The data must be reproduced verbatim; images are to be omitted.

───── SOURCE DATA ─────

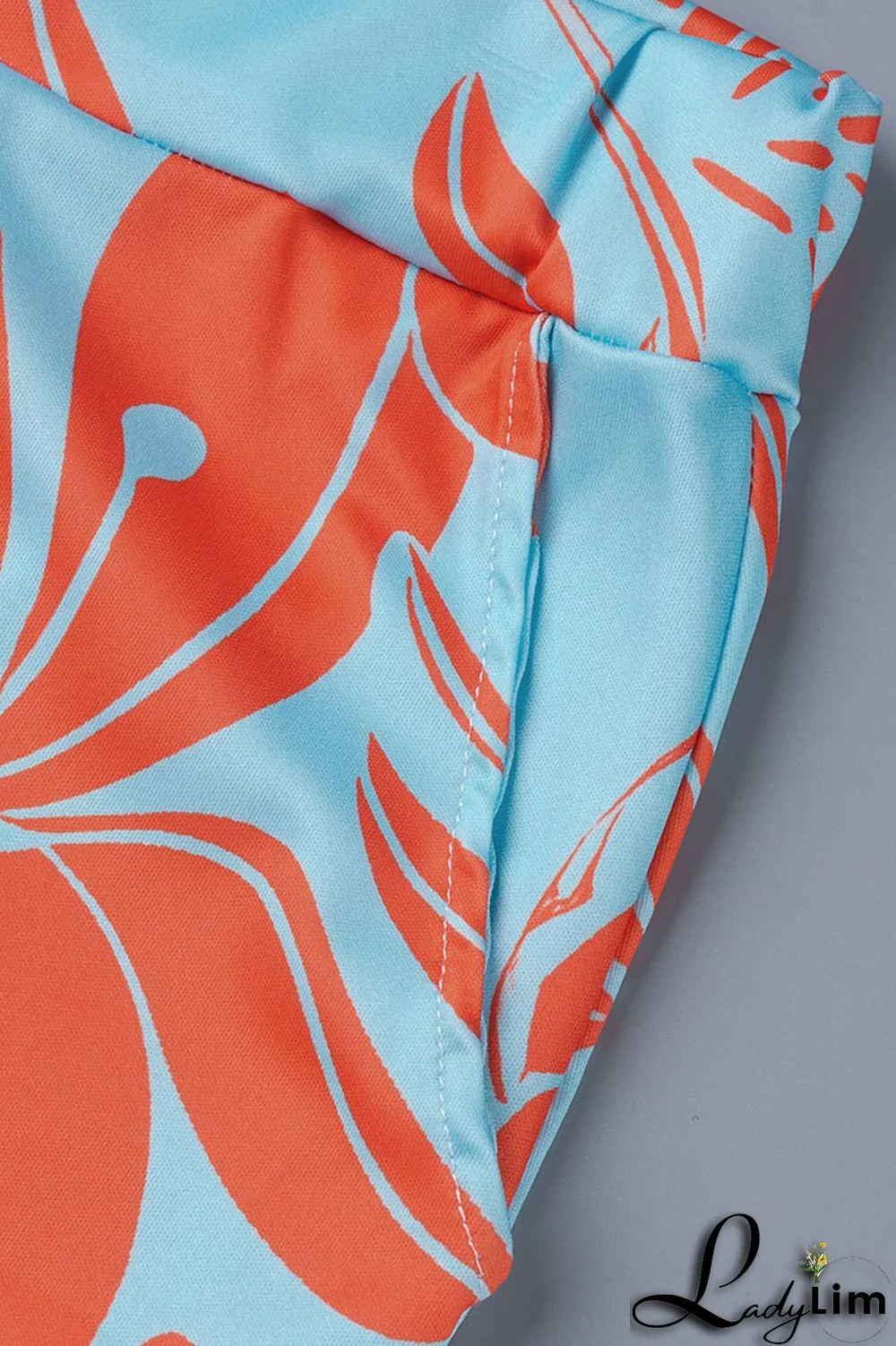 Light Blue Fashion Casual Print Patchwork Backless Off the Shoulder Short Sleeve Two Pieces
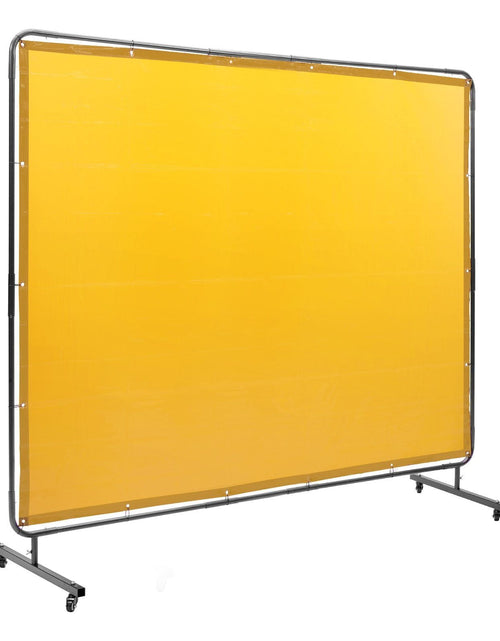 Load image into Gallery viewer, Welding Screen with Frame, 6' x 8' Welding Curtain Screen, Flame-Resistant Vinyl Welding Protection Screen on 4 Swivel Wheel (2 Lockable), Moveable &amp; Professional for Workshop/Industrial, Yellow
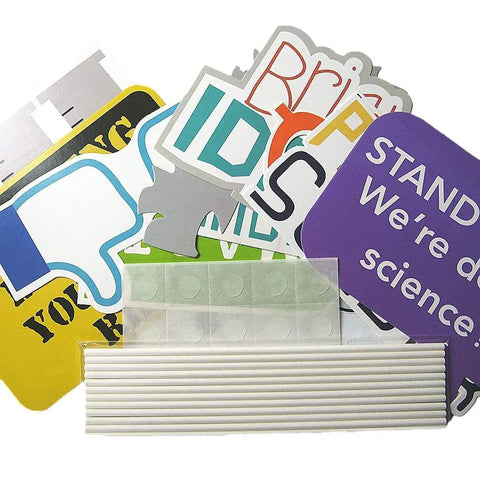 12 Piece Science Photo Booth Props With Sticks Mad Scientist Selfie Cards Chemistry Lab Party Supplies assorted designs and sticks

─────

- **RESPONSE AREA**:
 Light Blue Fashion Casual Print Patchwork Backless Off the Shoulder Short Sleeve Two Pieces
 Load image into Gallery viewer, Welding Screen with Frame, 6' x 8' Welding Curtain Screen, Flame-Resistant Vinyl Welding Protection Screen on 4 Swivel Wheel (2 Lockable), Moveable &amp; Professional for Workshop/Industrial, Yellow
 12 Piece Science Photo Booth Props With Sticks Mad Scientist Selfie Cards Chemistry Lab Party Supplies assorted designs and sticks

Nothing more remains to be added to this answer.